New Year’s Day, 2016.  Stabbings in Jerusalem.  Car-rammings in Etzion.  Shootings in Tel-Aviv.  The media press cannot find a motivation.  Perhaps, may we suggest, anti-Semitism?

An Ethical Conundrum: From mystery misery, without mastery; from confusion fusion, without theory or connection.  Each day we almost die by mistakes, accidents, unperceived wishes.  Years later only, should we live so long, the circumstances become evident and the motives embarrass us.  What it is impossible to dream away, conscience invalidates.
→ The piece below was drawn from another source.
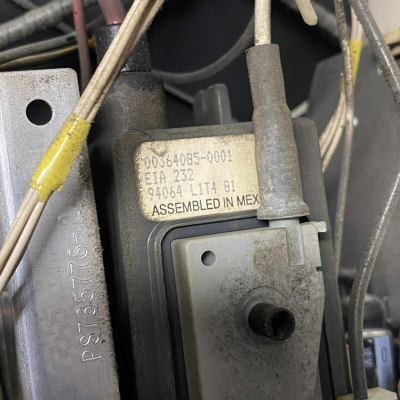 Magnavox RR2741 A402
What we lose to sleep, however, lets the delusions continue.

The travelling detective discovers wherever he goes new mysteries.  He identifies clues and draws inferences the local experts cannot.  Then, having exposed part of the truth, he moves on, unable to enjoy the benefits that accrue to safety and security.  Having gained more skills with each episode, he finds the greatest riddle of all why his coming to a place causes so much pain and misery.

The question is not just why certain movies and television series endure the test of time and can be watched with enjoyment and learning decade after decade, but why some comic characters and situations cannot be transplanted from place to place, as well as time to time. 

Dracula casts long shadows on the wall but reflects no images in the mirror.  Memories weigh our minds down and creep like revenants after our bodies, while doubts and hesitations unconsciously hold us back from the fullness of life.

The fatuous and the pedantic: one insists that you follow the strict dictionary spelling and meaning of words, the other that you follow the original text you are working with, even down to the errors and variants. 

Nothing is perfect.  I am perfectly assured of that. 

After the North Koreans explode their next hydrogen bomb, we will all have funny haircuts.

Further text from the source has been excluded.